Please note that this tool is still under active development and improvements and bug fixes are ongoing.

1. Create environment using conda/mamba/micromamba

    micromamba create -n BetterBins -c conda-forge -c bioconda checkm2=1.0.1 compleasm=0.2.2 eukrep=0.6.7 python=3.8 
   

2. Clone this repo, ensure Cargo and Rust are both installed.Install BetterBins to path

    cd BetterBins
    cargo install --path.
   

3. Install the required CheckM2 databse

    micromamba run -n BetterBins checkm2 database --download --path *checkm2_db_here*
   

4. Install the required compleasm database(s) using compleasm (in this case alveolata_odb10 was used, see: https://busco.ezlab.org/busco_v4_data.html)

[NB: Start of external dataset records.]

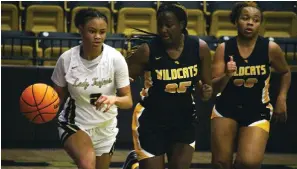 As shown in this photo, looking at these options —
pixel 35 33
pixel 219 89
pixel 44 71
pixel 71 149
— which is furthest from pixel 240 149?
pixel 35 33

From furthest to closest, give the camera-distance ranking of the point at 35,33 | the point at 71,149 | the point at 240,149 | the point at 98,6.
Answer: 1. the point at 98,6
2. the point at 35,33
3. the point at 240,149
4. the point at 71,149

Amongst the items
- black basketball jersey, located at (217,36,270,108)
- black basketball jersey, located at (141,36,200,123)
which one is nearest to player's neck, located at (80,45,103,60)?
black basketball jersey, located at (141,36,200,123)

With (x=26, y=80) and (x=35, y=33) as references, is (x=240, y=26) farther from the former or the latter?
(x=35, y=33)

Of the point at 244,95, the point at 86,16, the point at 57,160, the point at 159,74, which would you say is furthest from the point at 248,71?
the point at 57,160

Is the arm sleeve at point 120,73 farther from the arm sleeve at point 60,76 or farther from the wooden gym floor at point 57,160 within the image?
the wooden gym floor at point 57,160

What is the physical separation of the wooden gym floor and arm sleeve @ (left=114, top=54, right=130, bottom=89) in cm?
393

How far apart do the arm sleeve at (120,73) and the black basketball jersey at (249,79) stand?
111cm

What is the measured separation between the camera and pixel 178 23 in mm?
7188

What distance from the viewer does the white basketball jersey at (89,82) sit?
7.06 meters

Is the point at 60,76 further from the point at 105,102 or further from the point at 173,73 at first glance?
the point at 173,73

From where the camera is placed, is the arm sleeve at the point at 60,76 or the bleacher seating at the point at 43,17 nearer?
the arm sleeve at the point at 60,76

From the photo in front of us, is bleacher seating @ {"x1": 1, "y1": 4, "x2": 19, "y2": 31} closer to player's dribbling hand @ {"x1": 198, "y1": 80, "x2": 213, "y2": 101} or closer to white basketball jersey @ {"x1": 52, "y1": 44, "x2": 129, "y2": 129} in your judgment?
white basketball jersey @ {"x1": 52, "y1": 44, "x2": 129, "y2": 129}

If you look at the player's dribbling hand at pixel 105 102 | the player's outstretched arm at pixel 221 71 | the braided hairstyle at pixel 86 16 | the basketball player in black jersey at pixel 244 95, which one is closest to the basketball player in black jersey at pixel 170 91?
the player's outstretched arm at pixel 221 71

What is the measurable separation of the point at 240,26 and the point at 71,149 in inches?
79.1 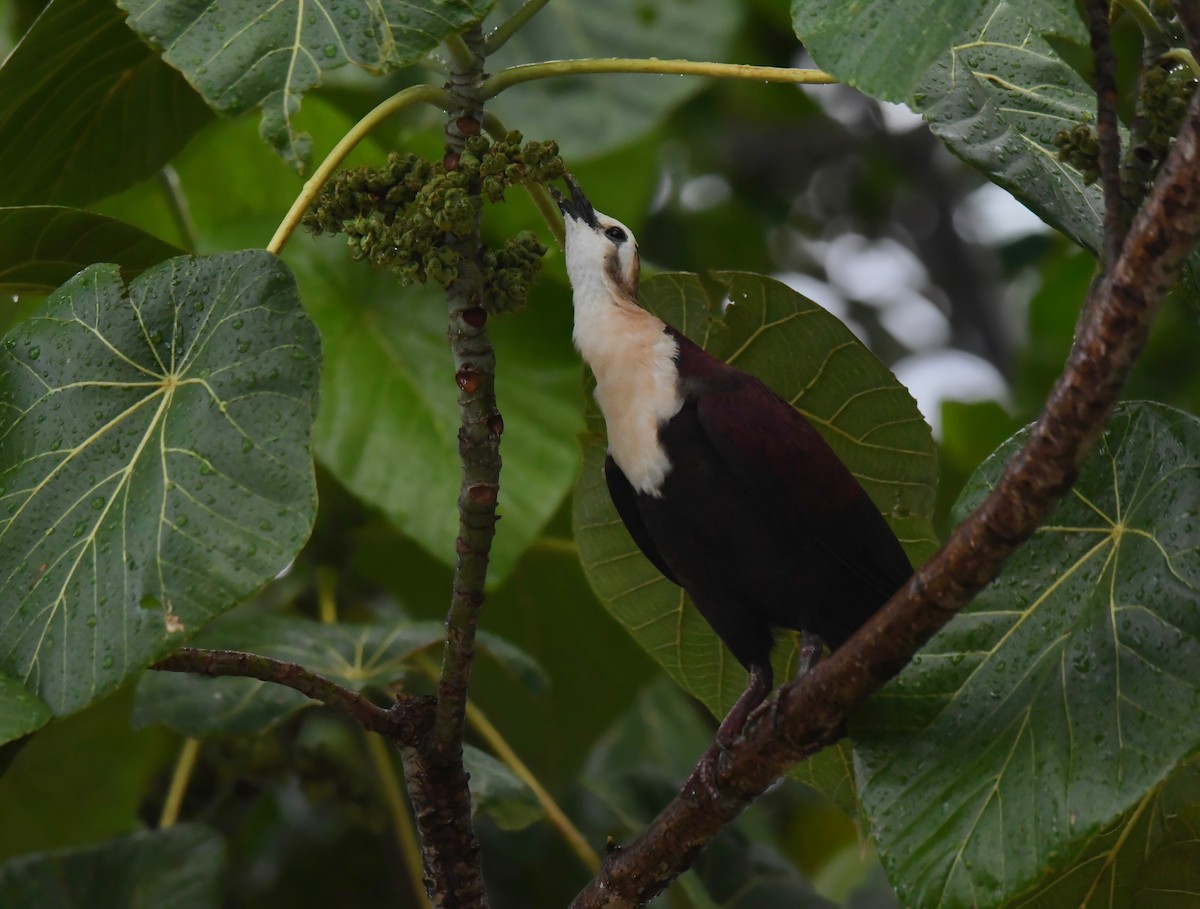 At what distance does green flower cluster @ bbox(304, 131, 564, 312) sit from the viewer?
1120 mm

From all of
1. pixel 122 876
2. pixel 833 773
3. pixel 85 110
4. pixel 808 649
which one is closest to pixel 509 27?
pixel 85 110

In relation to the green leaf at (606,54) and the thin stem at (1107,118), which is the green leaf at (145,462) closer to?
the thin stem at (1107,118)

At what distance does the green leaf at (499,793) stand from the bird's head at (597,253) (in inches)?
23.1

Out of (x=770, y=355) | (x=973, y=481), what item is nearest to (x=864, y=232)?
(x=770, y=355)

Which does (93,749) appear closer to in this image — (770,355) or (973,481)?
(770,355)

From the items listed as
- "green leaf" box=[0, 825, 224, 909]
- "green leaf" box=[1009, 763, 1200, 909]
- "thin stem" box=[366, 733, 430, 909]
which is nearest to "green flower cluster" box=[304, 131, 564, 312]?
"green leaf" box=[1009, 763, 1200, 909]

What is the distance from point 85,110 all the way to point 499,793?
3.13 ft

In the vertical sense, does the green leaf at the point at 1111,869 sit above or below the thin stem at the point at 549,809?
above

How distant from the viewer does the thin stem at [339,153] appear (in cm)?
118

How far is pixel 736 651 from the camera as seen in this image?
1534 millimetres

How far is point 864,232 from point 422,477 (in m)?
2.56

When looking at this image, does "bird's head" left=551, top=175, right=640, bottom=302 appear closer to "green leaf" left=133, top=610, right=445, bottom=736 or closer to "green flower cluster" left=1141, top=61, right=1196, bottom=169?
"green leaf" left=133, top=610, right=445, bottom=736

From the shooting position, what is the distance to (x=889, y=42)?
1057 mm

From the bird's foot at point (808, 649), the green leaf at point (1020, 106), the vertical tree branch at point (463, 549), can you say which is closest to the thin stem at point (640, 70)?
the vertical tree branch at point (463, 549) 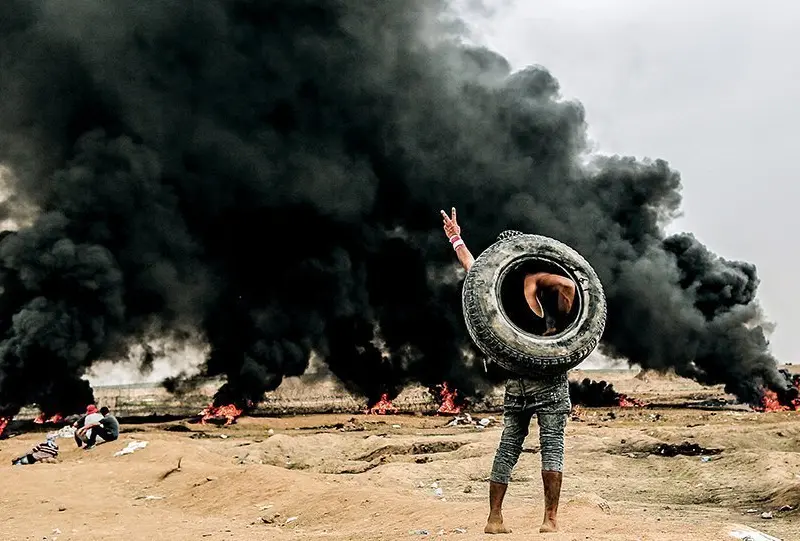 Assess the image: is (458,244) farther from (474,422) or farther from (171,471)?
(474,422)

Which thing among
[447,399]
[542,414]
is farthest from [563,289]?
[447,399]

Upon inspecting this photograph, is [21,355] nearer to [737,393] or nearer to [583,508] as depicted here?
[583,508]

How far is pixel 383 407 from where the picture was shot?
132 ft

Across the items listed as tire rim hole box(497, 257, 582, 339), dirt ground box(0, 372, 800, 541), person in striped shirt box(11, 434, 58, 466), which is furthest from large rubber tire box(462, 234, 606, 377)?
person in striped shirt box(11, 434, 58, 466)

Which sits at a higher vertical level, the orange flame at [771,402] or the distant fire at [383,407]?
the orange flame at [771,402]

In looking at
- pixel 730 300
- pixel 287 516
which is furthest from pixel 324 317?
pixel 287 516

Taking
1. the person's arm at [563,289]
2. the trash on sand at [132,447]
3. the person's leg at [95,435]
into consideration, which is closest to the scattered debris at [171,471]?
the trash on sand at [132,447]

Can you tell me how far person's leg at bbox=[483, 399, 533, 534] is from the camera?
516 cm

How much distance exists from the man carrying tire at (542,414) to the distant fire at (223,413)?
25.6m

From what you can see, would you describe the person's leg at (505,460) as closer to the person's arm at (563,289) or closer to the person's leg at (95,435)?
the person's arm at (563,289)

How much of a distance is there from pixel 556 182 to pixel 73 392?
35438mm

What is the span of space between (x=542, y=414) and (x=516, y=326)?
2.38 feet

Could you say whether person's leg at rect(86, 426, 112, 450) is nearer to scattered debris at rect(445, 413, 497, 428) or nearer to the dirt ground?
the dirt ground

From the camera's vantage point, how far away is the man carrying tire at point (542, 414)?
5043 millimetres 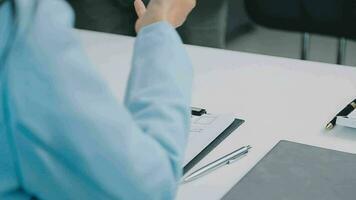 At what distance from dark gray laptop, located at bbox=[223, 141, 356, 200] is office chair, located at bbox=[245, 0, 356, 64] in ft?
3.97

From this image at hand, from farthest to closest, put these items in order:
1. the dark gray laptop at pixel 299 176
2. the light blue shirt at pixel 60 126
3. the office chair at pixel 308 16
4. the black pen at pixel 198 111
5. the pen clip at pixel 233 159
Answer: the office chair at pixel 308 16 < the black pen at pixel 198 111 < the pen clip at pixel 233 159 < the dark gray laptop at pixel 299 176 < the light blue shirt at pixel 60 126

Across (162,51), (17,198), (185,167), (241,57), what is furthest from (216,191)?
(241,57)

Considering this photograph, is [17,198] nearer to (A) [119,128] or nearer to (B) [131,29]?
(A) [119,128]

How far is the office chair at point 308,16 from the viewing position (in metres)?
2.09

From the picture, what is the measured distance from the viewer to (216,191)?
87 centimetres

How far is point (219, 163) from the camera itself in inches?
37.0

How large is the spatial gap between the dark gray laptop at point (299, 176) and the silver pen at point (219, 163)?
4 cm

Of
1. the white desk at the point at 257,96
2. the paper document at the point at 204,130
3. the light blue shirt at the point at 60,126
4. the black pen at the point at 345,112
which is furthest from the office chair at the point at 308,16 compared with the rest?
the light blue shirt at the point at 60,126

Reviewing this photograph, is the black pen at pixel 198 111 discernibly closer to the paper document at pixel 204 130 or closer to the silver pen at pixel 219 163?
the paper document at pixel 204 130

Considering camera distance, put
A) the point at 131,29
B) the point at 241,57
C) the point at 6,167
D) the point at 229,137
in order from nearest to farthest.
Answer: the point at 6,167
the point at 229,137
the point at 241,57
the point at 131,29

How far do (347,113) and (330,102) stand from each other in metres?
0.09

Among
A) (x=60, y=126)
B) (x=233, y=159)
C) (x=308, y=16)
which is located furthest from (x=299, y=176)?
(x=308, y=16)

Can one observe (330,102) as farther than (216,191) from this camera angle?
Yes

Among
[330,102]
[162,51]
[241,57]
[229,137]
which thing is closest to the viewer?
[162,51] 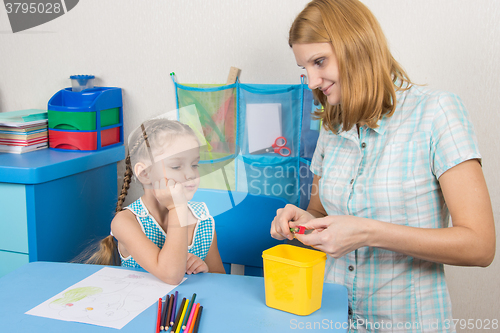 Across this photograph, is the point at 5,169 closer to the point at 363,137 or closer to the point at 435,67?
the point at 363,137

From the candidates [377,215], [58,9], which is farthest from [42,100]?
[377,215]

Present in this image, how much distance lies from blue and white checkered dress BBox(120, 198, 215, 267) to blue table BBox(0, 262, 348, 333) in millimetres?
166

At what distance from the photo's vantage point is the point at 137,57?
1.70 metres

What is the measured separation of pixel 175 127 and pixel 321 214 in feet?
1.82

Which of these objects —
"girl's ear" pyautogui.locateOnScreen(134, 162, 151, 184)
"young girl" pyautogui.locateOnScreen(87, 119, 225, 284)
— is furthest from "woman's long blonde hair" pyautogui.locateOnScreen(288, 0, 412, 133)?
"girl's ear" pyautogui.locateOnScreen(134, 162, 151, 184)

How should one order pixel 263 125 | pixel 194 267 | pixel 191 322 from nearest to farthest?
pixel 191 322, pixel 194 267, pixel 263 125

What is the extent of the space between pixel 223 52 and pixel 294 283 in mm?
1072

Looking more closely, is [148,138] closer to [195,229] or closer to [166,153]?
[166,153]

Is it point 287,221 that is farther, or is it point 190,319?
point 287,221

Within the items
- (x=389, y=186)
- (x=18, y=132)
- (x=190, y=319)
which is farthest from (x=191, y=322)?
(x=18, y=132)

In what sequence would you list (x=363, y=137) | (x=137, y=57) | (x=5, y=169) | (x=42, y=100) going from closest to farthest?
1. (x=363, y=137)
2. (x=5, y=169)
3. (x=137, y=57)
4. (x=42, y=100)

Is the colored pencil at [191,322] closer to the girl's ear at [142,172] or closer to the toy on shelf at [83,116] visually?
the girl's ear at [142,172]

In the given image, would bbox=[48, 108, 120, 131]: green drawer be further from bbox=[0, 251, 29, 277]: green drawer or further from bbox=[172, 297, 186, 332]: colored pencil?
bbox=[172, 297, 186, 332]: colored pencil

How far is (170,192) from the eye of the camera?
0.95 m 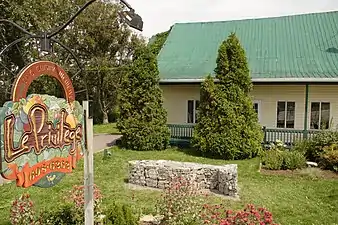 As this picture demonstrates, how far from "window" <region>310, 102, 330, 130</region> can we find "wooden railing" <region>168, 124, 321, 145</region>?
4.54 ft

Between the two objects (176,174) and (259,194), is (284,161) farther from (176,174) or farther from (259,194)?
(176,174)

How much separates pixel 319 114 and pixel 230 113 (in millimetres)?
4757

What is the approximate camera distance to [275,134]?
48.6 feet

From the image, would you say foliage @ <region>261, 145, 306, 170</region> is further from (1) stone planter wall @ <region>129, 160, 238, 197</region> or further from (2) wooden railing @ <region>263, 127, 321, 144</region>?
(1) stone planter wall @ <region>129, 160, 238, 197</region>

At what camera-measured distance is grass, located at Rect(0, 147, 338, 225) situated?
23.8 feet

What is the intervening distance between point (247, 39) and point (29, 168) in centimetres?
1623

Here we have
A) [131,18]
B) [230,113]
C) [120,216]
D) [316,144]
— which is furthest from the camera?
[230,113]

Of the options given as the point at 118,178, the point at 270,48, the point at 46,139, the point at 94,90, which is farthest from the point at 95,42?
the point at 46,139

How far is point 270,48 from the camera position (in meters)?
17.3

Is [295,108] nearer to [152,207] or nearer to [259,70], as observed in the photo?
[259,70]

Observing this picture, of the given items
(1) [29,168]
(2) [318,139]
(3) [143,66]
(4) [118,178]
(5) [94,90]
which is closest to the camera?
(1) [29,168]

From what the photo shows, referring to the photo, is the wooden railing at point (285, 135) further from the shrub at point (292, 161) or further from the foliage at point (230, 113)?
the shrub at point (292, 161)

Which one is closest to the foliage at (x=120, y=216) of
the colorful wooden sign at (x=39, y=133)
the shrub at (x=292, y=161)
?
the colorful wooden sign at (x=39, y=133)

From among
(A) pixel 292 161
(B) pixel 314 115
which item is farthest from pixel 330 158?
(B) pixel 314 115
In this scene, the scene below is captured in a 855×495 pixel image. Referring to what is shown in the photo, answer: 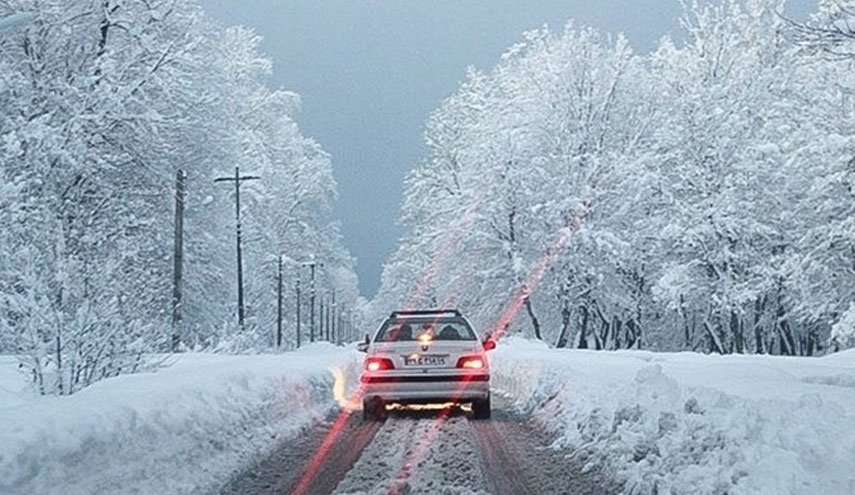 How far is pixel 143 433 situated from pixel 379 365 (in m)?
7.11

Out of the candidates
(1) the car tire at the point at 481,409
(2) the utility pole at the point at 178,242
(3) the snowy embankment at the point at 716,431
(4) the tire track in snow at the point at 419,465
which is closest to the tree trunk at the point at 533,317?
(2) the utility pole at the point at 178,242

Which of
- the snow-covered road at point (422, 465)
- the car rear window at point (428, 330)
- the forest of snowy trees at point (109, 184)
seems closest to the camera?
the snow-covered road at point (422, 465)

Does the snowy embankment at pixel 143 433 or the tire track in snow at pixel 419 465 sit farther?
the tire track in snow at pixel 419 465

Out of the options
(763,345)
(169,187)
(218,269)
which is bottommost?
(763,345)

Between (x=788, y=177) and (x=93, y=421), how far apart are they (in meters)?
33.4

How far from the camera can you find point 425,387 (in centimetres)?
1455

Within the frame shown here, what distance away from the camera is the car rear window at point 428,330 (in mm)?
15352

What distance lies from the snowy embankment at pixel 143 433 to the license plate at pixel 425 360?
6.60 feet

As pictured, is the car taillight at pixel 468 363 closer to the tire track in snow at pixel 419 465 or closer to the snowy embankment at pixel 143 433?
the tire track in snow at pixel 419 465

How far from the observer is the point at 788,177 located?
35812mm

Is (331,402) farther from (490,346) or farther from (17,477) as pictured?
(17,477)

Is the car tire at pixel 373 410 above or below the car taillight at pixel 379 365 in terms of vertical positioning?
below

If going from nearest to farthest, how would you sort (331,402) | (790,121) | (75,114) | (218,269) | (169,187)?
(331,402), (75,114), (169,187), (218,269), (790,121)

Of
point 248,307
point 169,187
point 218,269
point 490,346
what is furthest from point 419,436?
point 248,307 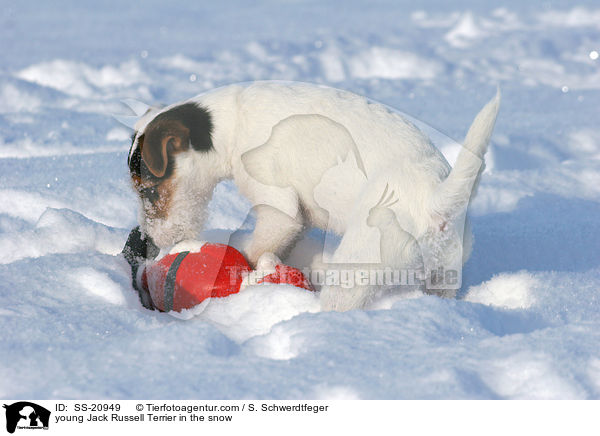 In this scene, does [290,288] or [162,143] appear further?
[162,143]

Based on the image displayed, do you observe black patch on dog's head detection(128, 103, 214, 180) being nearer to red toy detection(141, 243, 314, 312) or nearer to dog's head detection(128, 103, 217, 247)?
dog's head detection(128, 103, 217, 247)

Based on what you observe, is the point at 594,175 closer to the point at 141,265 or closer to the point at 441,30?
the point at 141,265

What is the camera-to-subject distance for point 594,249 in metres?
2.86

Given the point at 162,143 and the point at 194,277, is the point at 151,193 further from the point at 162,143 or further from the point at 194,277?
the point at 194,277

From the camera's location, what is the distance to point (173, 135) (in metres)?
2.30

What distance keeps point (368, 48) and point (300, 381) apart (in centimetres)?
723

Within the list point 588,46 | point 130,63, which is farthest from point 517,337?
point 588,46

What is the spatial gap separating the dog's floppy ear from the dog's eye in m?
0.08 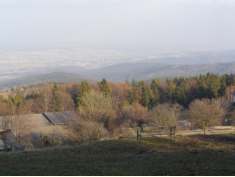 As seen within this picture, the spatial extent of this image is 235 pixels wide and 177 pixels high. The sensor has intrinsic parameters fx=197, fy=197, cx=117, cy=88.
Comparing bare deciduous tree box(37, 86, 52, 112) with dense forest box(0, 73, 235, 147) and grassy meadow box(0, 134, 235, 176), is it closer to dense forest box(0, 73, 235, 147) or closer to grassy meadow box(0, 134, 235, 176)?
dense forest box(0, 73, 235, 147)

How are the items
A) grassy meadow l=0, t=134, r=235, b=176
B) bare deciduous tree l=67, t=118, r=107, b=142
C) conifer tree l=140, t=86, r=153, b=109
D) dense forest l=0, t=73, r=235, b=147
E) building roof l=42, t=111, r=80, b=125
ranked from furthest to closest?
conifer tree l=140, t=86, r=153, b=109 → dense forest l=0, t=73, r=235, b=147 → building roof l=42, t=111, r=80, b=125 → bare deciduous tree l=67, t=118, r=107, b=142 → grassy meadow l=0, t=134, r=235, b=176

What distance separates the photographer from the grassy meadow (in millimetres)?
7945

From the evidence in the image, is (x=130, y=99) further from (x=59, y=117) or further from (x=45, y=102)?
(x=59, y=117)

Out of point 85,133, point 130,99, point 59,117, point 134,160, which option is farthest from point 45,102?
point 134,160

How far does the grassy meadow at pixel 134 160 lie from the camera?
7.95 metres

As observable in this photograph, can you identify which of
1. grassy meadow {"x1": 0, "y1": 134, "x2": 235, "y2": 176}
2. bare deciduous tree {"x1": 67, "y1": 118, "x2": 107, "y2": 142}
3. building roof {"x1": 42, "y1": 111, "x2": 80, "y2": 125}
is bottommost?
building roof {"x1": 42, "y1": 111, "x2": 80, "y2": 125}

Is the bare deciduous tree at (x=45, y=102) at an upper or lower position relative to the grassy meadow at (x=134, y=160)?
lower

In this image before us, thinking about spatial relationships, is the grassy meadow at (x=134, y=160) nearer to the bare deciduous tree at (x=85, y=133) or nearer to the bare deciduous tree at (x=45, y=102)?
the bare deciduous tree at (x=85, y=133)

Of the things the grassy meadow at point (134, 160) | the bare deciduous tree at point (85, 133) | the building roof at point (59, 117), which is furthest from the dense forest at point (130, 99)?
the grassy meadow at point (134, 160)

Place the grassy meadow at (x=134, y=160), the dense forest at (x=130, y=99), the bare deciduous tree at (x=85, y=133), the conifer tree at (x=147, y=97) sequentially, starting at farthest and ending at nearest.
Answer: the conifer tree at (x=147, y=97) < the dense forest at (x=130, y=99) < the bare deciduous tree at (x=85, y=133) < the grassy meadow at (x=134, y=160)

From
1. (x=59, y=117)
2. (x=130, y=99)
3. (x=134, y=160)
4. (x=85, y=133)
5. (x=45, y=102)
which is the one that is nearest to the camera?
(x=134, y=160)

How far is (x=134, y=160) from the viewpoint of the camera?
32.6ft

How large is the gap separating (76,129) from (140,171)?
465 inches

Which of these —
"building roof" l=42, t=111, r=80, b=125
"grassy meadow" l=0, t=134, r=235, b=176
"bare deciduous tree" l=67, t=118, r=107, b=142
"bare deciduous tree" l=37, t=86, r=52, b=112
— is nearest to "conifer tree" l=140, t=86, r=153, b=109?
"bare deciduous tree" l=37, t=86, r=52, b=112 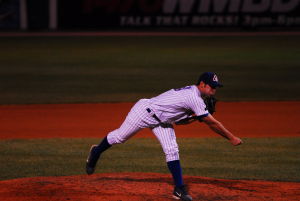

    micromamba run -n BetterBins compleasm download alveolata_odb10
   

##Required arguments:

--path-to-bin-dir
This is the path to the directory of initial bins (can also be a directory of bin sub directories, eg final_bins/ which contains final_bins/metabat2_bins, final_bins/MaxBin2_bins/ etc). Accepts ".fa", ".fasta", ".fna" for bin extension.

--results-directory
Directory for results to be produced.

--compleasm-db-path
Path to the compleasm database. Can be ignored if using "assume-prokaryote" prediction approach.

--checkm2-db-path
Path to the checkm2 database.Can be ignored if using "assume-eukaryote" prediction approach.

##Optional arguments:

-t, --threads
Number of threads to use, default is 1

-m, --max-contamination
Maximum contamination of a bin to be seen as viable, default is 999.9. Not recommended to change.

-m, --min-completeness
Minimum completeness of a bin to be seen as viable. Not recommended to change.

-c, --contamination-weight
Weight of contamination in bin scoring method, default is 0.75.

-c, --completion-weight
Weight of completeness in bin scoring method, default is 0.25.

-p, --prediction-approach
Approach to predict type of bins, default is eukrep majority. Other possible values: assume-eukaryote, assume-prokaryote, eukrep-majority, minimum-eukaryote-markers

-m, --min-marker-prediction-minimum-marker-num
For minimum-eukaryote-markers approach how many markers to use, default is 123 (based on universal eukaryota_odb10)

Part of BetterBins' benefit is that it can be ran to identify/refine eukaryotic bins and prokaryotes, either combined or separately. It has four possible prediction approaches to run.

• assume-prokaryote: This assumes that all bins are prokaryotic and will run prokaryotic CheckM2 bin quality checking as default during refinement, skips checking for eukaryotes, good for data in which eukaryotes are unlikely.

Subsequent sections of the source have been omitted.